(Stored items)
# # # #

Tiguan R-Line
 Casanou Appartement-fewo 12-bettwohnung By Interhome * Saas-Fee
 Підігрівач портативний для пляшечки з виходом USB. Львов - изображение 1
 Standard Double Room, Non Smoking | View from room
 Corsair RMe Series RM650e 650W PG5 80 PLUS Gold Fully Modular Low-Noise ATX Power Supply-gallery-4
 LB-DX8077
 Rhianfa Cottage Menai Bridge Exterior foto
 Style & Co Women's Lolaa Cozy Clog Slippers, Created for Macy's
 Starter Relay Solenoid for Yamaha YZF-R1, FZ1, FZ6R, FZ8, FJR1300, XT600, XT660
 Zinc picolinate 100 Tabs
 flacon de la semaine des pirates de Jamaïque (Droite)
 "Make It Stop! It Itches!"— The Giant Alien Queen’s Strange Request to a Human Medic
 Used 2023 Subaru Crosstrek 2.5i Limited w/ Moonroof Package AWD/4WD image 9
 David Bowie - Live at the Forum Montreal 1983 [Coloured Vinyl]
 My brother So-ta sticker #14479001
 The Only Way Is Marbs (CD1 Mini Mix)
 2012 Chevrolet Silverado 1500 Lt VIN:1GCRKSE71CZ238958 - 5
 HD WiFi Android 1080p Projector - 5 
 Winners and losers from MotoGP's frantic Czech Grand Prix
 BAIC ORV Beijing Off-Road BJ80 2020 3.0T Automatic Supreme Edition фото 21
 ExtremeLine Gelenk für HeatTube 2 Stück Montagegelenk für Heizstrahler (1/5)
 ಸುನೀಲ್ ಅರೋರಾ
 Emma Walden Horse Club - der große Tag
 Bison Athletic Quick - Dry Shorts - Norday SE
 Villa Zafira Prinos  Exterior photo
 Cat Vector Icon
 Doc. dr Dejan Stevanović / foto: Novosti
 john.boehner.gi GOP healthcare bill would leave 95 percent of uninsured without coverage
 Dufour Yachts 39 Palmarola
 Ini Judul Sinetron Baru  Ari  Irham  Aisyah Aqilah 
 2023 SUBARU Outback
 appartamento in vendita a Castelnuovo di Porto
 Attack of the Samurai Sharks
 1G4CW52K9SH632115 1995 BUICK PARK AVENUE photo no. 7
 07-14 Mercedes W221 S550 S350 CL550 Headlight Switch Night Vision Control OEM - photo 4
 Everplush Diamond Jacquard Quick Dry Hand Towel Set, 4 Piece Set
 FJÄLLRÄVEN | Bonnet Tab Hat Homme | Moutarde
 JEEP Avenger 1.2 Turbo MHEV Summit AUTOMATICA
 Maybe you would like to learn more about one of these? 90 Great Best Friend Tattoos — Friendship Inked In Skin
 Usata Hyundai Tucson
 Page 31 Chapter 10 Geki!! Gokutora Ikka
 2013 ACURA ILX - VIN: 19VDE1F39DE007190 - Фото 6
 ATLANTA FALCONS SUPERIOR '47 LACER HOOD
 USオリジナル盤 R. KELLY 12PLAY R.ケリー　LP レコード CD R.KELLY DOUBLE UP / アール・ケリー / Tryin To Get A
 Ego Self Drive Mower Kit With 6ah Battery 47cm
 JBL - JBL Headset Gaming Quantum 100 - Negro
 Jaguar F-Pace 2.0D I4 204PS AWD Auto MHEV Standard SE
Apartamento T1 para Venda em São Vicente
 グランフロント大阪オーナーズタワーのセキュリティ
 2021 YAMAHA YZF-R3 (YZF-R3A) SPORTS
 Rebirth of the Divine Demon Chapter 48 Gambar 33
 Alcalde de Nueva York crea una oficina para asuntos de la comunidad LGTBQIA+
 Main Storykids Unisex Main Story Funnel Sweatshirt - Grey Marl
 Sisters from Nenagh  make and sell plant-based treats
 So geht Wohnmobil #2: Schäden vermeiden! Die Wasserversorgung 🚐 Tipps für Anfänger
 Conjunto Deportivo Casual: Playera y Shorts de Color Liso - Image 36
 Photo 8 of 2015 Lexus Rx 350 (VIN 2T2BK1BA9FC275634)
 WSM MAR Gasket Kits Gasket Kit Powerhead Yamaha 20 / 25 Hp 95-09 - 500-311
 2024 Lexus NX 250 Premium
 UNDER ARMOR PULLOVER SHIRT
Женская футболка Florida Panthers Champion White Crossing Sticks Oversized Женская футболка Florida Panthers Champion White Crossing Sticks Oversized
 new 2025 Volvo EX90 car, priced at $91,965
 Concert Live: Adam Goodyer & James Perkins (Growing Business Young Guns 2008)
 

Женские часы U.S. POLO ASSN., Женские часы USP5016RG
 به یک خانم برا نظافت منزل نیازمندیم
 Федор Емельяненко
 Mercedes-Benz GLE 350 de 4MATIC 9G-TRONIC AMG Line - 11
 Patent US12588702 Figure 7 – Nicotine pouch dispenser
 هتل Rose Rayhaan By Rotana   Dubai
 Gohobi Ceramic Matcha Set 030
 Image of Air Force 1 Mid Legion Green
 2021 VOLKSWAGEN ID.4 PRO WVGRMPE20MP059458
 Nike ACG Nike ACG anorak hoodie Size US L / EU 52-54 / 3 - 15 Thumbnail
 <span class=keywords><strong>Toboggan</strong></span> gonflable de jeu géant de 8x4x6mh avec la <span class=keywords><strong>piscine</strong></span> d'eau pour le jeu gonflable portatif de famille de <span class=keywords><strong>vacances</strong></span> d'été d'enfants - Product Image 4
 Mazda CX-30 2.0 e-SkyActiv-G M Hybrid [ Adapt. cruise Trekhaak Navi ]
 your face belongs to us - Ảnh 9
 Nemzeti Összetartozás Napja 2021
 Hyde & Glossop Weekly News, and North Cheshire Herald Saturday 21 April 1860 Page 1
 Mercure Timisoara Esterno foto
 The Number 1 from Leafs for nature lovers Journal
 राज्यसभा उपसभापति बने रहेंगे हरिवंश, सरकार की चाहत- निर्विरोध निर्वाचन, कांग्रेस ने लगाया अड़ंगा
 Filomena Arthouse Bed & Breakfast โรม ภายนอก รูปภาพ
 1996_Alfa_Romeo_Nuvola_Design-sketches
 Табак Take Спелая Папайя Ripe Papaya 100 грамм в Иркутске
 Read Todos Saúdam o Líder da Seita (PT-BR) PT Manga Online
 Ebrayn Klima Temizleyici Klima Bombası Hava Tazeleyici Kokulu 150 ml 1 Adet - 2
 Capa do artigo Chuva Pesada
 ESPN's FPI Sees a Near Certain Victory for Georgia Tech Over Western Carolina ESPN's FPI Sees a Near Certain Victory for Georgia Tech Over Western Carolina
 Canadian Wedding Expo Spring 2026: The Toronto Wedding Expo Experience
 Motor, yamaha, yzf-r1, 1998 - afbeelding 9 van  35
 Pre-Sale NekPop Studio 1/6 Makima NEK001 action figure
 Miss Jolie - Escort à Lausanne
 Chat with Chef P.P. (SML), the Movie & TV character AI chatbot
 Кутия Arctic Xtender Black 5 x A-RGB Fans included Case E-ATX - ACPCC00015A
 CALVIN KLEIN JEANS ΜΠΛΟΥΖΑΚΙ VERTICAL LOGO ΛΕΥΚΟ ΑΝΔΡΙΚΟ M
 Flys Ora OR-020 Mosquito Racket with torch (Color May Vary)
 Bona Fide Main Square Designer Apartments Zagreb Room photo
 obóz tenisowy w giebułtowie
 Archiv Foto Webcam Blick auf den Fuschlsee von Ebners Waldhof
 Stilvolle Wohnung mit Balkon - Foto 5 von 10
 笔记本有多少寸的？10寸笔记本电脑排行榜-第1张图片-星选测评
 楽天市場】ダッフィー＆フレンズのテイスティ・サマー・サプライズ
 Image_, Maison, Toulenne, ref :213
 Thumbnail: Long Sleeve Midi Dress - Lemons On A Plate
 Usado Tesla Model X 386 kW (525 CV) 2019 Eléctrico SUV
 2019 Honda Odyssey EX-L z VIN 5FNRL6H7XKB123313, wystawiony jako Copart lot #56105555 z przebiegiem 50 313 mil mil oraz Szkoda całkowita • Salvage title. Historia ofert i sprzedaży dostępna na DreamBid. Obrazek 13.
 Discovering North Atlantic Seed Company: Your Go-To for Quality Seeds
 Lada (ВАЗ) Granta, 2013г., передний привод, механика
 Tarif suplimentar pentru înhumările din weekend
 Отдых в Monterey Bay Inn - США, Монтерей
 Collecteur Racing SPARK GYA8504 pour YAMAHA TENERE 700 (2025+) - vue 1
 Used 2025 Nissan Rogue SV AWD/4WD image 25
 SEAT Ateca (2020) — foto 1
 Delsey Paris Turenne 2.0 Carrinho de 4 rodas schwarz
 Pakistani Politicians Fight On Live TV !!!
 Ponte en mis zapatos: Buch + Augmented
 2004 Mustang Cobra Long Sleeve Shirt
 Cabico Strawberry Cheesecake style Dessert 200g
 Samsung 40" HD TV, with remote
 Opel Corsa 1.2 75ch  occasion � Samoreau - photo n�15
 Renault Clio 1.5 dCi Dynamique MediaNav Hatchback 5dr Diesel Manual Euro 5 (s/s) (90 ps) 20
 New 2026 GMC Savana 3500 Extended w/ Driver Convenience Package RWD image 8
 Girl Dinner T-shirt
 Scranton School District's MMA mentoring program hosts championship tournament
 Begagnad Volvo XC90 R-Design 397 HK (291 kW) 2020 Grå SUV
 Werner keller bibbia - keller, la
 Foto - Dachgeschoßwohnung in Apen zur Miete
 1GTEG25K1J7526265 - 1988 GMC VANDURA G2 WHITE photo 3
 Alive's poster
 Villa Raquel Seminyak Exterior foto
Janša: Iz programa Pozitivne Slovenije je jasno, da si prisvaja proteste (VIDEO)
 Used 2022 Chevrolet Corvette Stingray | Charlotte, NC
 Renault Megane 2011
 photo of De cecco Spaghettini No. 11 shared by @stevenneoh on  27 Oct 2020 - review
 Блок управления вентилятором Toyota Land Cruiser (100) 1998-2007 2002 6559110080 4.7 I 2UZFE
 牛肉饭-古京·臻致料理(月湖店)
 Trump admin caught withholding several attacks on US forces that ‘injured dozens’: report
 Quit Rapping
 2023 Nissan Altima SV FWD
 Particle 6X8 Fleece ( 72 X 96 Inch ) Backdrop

# # # #

Using the entries shown above, reproduce verbatim the lines from the line bearing "David Bowie - Live" to the line bearing "グランフロント大阪オーナーズタワーのセキュリティ", inclusive.

 David Bowie - Live at the Forum Montreal 1983 [Coloured Vinyl]
 My brother So-ta sticker #14479001
 The Only Way Is Marbs (CD1 Mini Mix)
 2012 Chevrolet Silverado 1500 Lt VIN:1GCRKSE71CZ238958 - 5
 HD WiFi Android 1080p Projector - 5 
 Winners and losers from MotoGP's frantic Czech Grand Prix
 BAIC ORV Beijing Off-Road BJ80 2020 3.0T Automatic Supreme Edition фото 21
 ExtremeLine Gelenk für HeatTube 2 Stück Montagegelenk für Heizstrahler (1/5)
 ಸುನೀಲ್ ಅರೋರಾ
 Emma Walden Horse Club - der große Tag
 Bison Athletic Quick - Dry Shorts - Norday SE
 Villa Zafira Prinos  Exterior photo
 Cat Vector Icon
 Doc. dr Dejan Stevanović / foto: Novosti
 john.boehner.gi GOP healthcare bill would leave 95 percent of uninsured without coverage
 Dufour Yachts 39 Palmarola
 Ini Judul Sinetron Baru  Ari  Irham  Aisyah Aqilah 
 2023 SUBARU Outback
 appartamento in vendita a Castelnuovo di Porto
 Attack of the Samurai Sharks
 1G4CW52K9SH632115 1995 BUICK PARK AVENUE photo no. 7
 07-14 Mercedes W221 S550 S350 CL550 Headlight Switch Night Vision Control OEM - photo 4
 Everplush Diamond Jacquard Quick Dry Hand Towel Set, 4 Piece Set
 FJÄLLRÄVEN | Bonnet Tab Hat Homme | Moutarde
 JEEP Avenger 1.2 Turbo MHEV Summit AUTOMATICA
 Maybe you would like to learn more about one of these? 90 Great Best Friend Tattoos — Friendship Inked In Skin
 Usata Hyundai Tucson
 Page 31 Chapter 10 Geki!! Gokutora Ikka
 2013 ACURA ILX - VIN: 19VDE1F39DE007190 - Фото 6
 ATLANTA FALCONS SUPERIOR '47 LACER HOOD
 USオリジナル盤 R. KELLY 12PLAY R.ケリー　LP レコード CD R.KELLY DOUBLE UP / アール・ケリー / Tryin To Get A
 Ego Self Drive Mower Kit With 6ah Battery 47cm
 JBL - JBL Headset Gaming Quantum 100 - Negro
 Jaguar F-Pace 2.0D I4 204PS AWD Auto MHEV Standard SE
Apartamento T1 para Venda em São Vicente
 グランフロント大阪オーナーズタワーのセキュリティ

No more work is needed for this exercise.